About two weeks ago, President Museveni issued a directive to the minister of Finance to promulgate a statutory instrument to operationalize the control of interest rates on loans issued by moneylenders.
This directive was issued at the National Resistance Movement parliamentary caucus meeting held at State House Entebbe on the September 28, 2023. The details of this specific resolution were not divulged to the public, but it seems to have been a step in the right direction.
The directive comes at a time when parliamentarians, including their speaker, Anita Among, had decried the mechanisms conducted by moneylenders in their trade of business. The speaker had even threatened to cancel a memorandum of understanding signed by parliament and credit facilities.
In 2016, Uganda reformed its financing laws by enacting the Tier 4 Microfinance Institutions and Moneylenders Act in a bid to streamline and legitimize financial institutions that had been erstwhile operating without clear regulatory frameworks.

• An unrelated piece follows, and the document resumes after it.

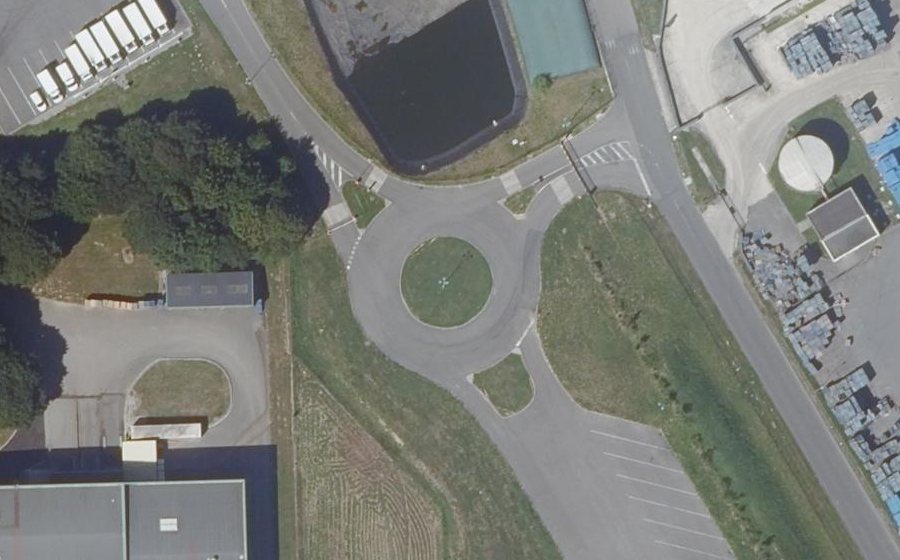 Vue aérienne du Rond-point anonyme n°1118846103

Prior to the enactment of this law, moneylenders, self-help groups and Saccos operated in a seemingly haphazard manner that always caused public outcry. It was not uncommon for moneylenders to issue loans to unsuspecting members of the public with a blanket interest rates that later changed according to the whims of the lenders.
In fact, several moneylenders would draft moneylending agreements and leave a blank space for the interest rate to be inserted after the person obtaining the loan has signed and committed to repay it in a specified period of time.

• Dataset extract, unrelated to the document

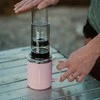 „AeroPress“ – kelioninis kavos puodelis, rožinis, 350 ml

Others had tendencies of disappearing on the date of payment such that the borrowers become defaulters and the property used as security to obtain the loans becomes immediately transferrable into the names of the moneylenders.
Surprisingly, for several reasons, Ugandans kept falling prey to these highhanded tactics mainly because there was always an urgent need to obtain money without the official banking systems questioning their creditworthiness. This not only affected companies in business but also individuals.

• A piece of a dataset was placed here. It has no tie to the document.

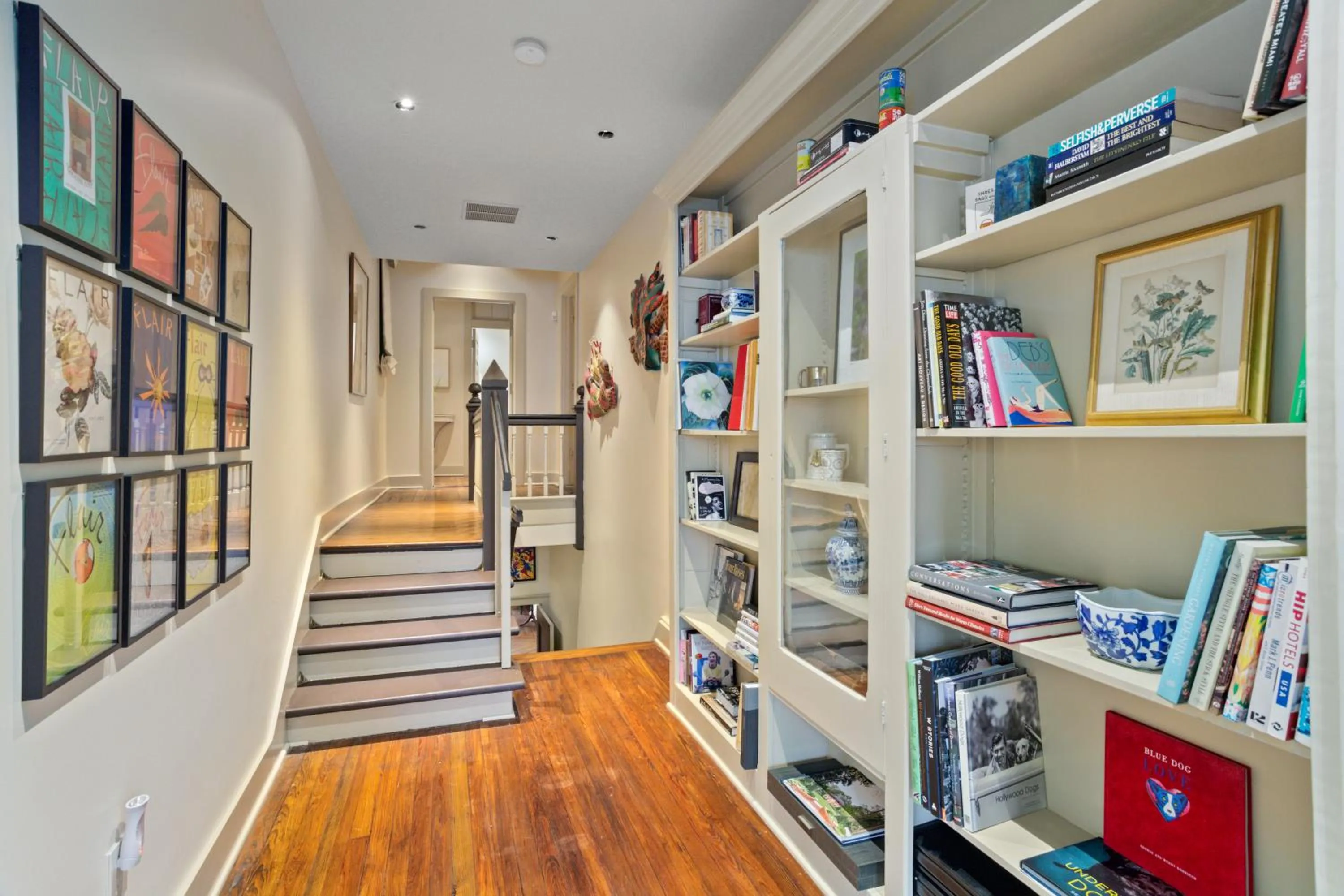 Library in Stonehurst Place Bed & Breakfast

Besides the fact that meagre earnings and a high standard of living pushed Ugandans into obtaining unsecured loans at predatory lending rates from these moneylenders, the lack of a proper regulatory framework for these institutions exacerbated the situation.
Most times, people obtained loans from banks for various reasons like paying fees for children that are on the verge of being chased from school for defaulting. However, these loans would be secured by their matrimonial property or land on which their homes sat.
Upon default, several banks would obtain court orders to foreclose on the properties. Desperate to save their matrimonial homes or other secured properties, several people would reach out to moneylenders for quick bailouts in order to sever their properties from unrelenting banks.
It is at this moment that moneylenders took advantage of the desperate Ugandans and offered unsecured loans at exorbitant interest rates of as much as 30 per cent to 40 per cent. The Ugandans, without any ray of hope, would enter agreements on the understanding that obtaining such loans and saving their property in the process was far better than having banks sell it at a forced sale value.
To rectify these anomalies, parliament deemed it fit to enact the 2016 Tier IV Microfinance Institutions and Moneylender’s Act, the main purpose of which was to build confidence in the financial system of the country and to bring moneylenders within the confines of a regulatory body.
This came with mandatory licensing requirements, compulsory recordkeeping in order to streamline the effective management of moneylenders by the Uganda Microfinance Regulatory Authority (UMRA). Upon its enactment in 2016, the Tier IV Act granted the minister of Finance powers to prescribe a maximum interest rate that moneylenders would charge.
The law even made it an offence for one to charge an interest rate higher than that prescribed by the minister. However, as of 2023, seven years later, no such maximum interest rate has been prescribed by the minister of Finance. It is for such reasons, along with others like failure to strictly operationalize the anti-money laundering laws, that Uganda was put on the ‘grey list’ by the Financial Action Taskforce (FATF) as one of the countries that portrayed underperformance regarding the unsafety and high level of risk of their financial system.
President Museveni’s directive, therefore, is one that has been made in the right directed even though it was not made timeously. The directive, once coupled with other financial and monetary policy considerations, is most likely to push the FATF to reconsider its decision of ‘grey listing’ Uganda.
Unfortunately, even when the President’s directive gave the ministry of Finance a two-week grace period to prescribe the maximum interest rate, there has not been any response from the ministry. Suffice it to say that the 14- day grace period lapsed last week on October 12, 2023.
In light of the president’s directive, it is incumbent on the ministry of Finance to heed to the president’s directive and halt the menace that has become of moneylenders, many of whom have been operating without proper licensing.
The writer is an advocate of the High court.